Classic Italian meat sauce. You can serve it over wide, flat pasta noodles or use it to make Classic Lasagna. Or better, make a huge batch and do both!
2 Tablespoons olive oil
1 small yellow onion, diced small (about 3/4 cup)
1 carrot, diced small (about 1/2 cup)
1 celery stalk, diced small (about 1/4 cup)
1/4 cup diced pancetta
1/2 pound ground beef
1/2 pound ground pork
Pinch of salt
1/2 cup dry white or red wine (see notes)
1 28-ounce can peeled plum tomatoes (eg, San Marzano), drained
1 cup lightly salted chicken or beef stock or broth
Ground black pepper
1 cup light cream or half-and-half
Optional: 1 Tablespoon minced parsley, Parmesan cheese for serving
1. In a large pan, warm the oil over medium low heat. Add the onions, carrots, celery and pancetta and saute for about 10 minutes, until very soft.
2. Add the beef and pork, sprinkle with a pinch of salt, and cook for about 5 mintues, breaking up all the clumps and sauteing until the pink is gone.

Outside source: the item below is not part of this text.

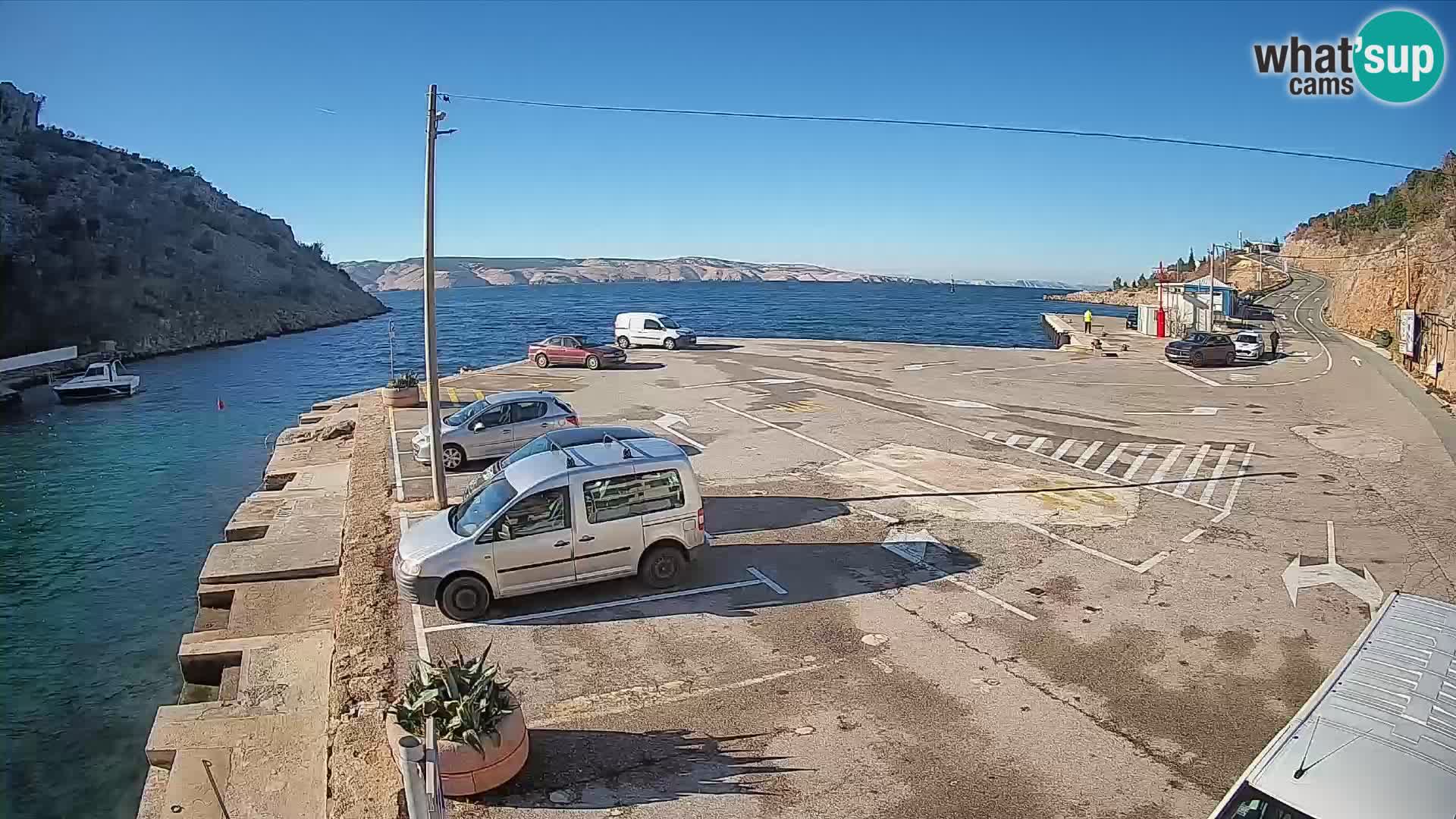 Spletna kamera trajektno pristanišče Prizna – proti otoku Pag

3. Add the wine to the pan and cook until almost completely evaporated, about 5 minutes.
4. Crush the tomatoes into the meat mixture with your hands. Add the stock, stir and bring back to a simmer. Cook for at least 2 hours, very loosely covered (half-covered), occasionally stirring and breaking up the tomato chunks and clumps of meat, and adjusting the heat as needed to maintain a slow simmer. At this point, the mixture should be thick and meaty, rather than saucy.
5. Add pepper and taste, adding another pinch of salt if needed. Stir in the cream and simmer with the lid off for 20-40 minutes until the cream is fully incorporated and the sauce is thick and meaty again. Sprinkle with the optional parsley if desired and serve with the optional Parmesan cheese.

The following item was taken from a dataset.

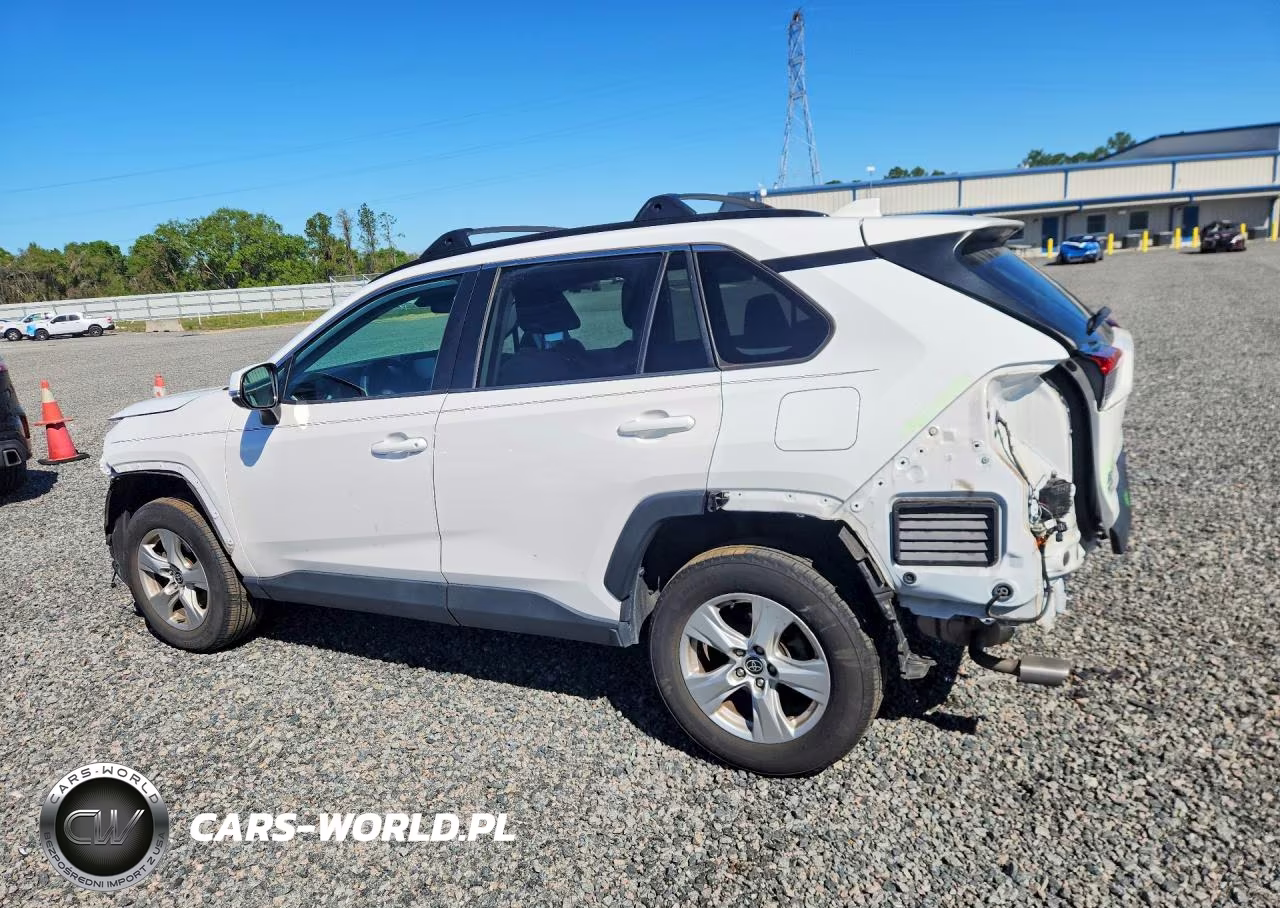 2021 Toyota Rav4 Xle VIN:2T3P1RFV1MW184952 - 2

Bolognese is really all about the meat - don't think of it as a tomato sauce with meat, think of it just as a meat sauce. (In fact, the word "sauce" is almost too strong here. It really functions more as a saucy-ish meat topping.)
I strongly recommend making a double batch! Or more! Bolognese is a traditional ingredient in lasagna, so you can serve it over pasta one day, then use the rest to make this recipe on another day.

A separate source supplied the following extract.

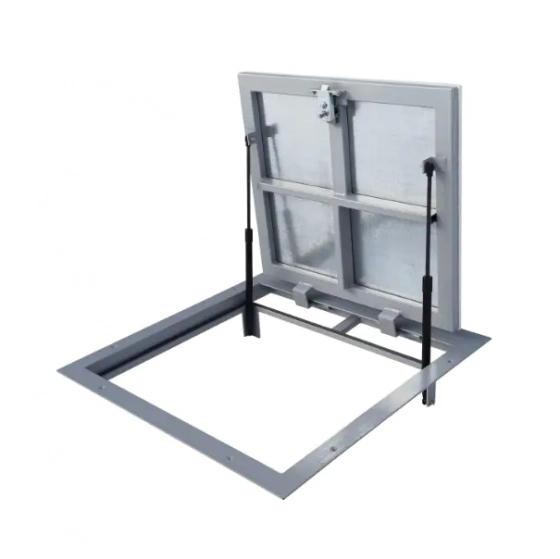 Люк напольный Гарант 70х70 см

White wine is traditional, but if you happen to only have red on hand, don't let that stop you! It will taste great either way (as long as it's a dry wine).
You can skip the minced parsley in good conscience because, again it's all about the meat. But if you like the idea of dressing it up a bit, go for it.
You can make this ahead and refrigerate it covered for about 3 days, or freeze it for several months. In fact, an overnight rest in the fridge will probably make it taste even better.